### AVAILABLE DATA
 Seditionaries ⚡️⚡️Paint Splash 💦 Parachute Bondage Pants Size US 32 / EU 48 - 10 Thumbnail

==

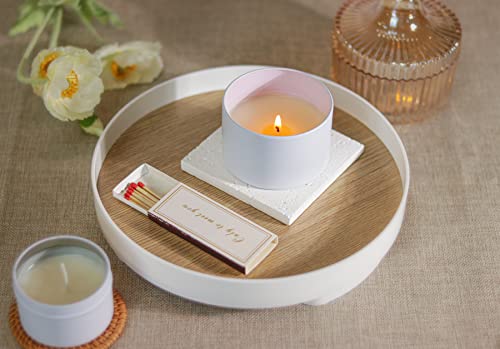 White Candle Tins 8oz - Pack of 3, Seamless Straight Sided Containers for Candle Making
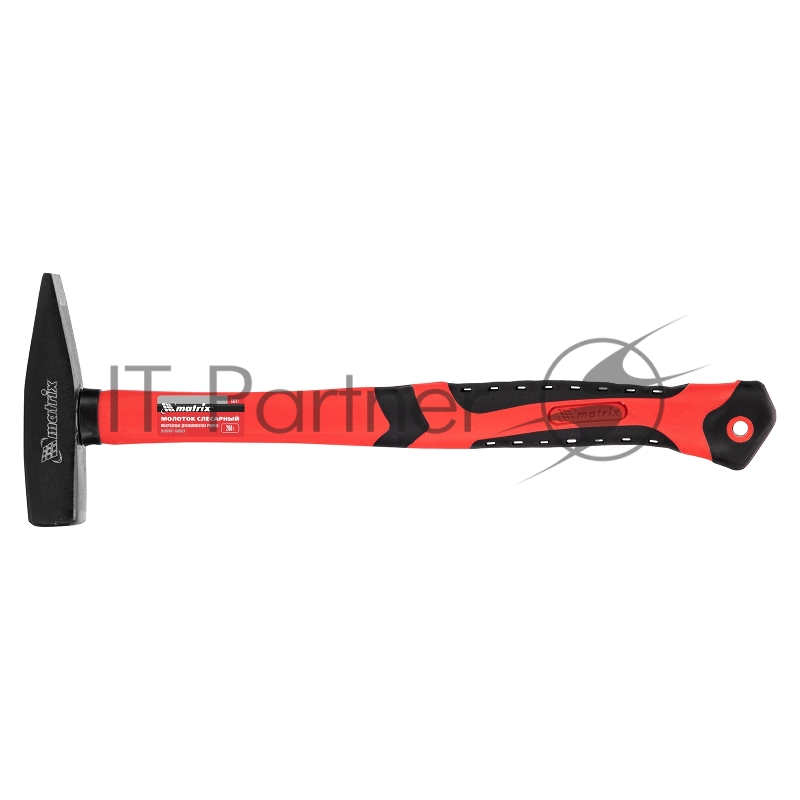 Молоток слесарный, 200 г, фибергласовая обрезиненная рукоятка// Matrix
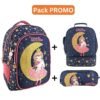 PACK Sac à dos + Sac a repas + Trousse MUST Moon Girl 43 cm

### WORK REQUIRED
In the listing above, find the line with "Молоток слесарный, 200" and the line with "PACK Sac à dos". Transcribe those two and everything between, exactly, leaving out pictures.

### ANSWER SPACE
 Молоток слесарный, 200 г, фибергласовая обрезиненная рукоятка// Matrix
 PACK Sac à dos + Sac a repas + Trousse MUST Moon Girl 43 cm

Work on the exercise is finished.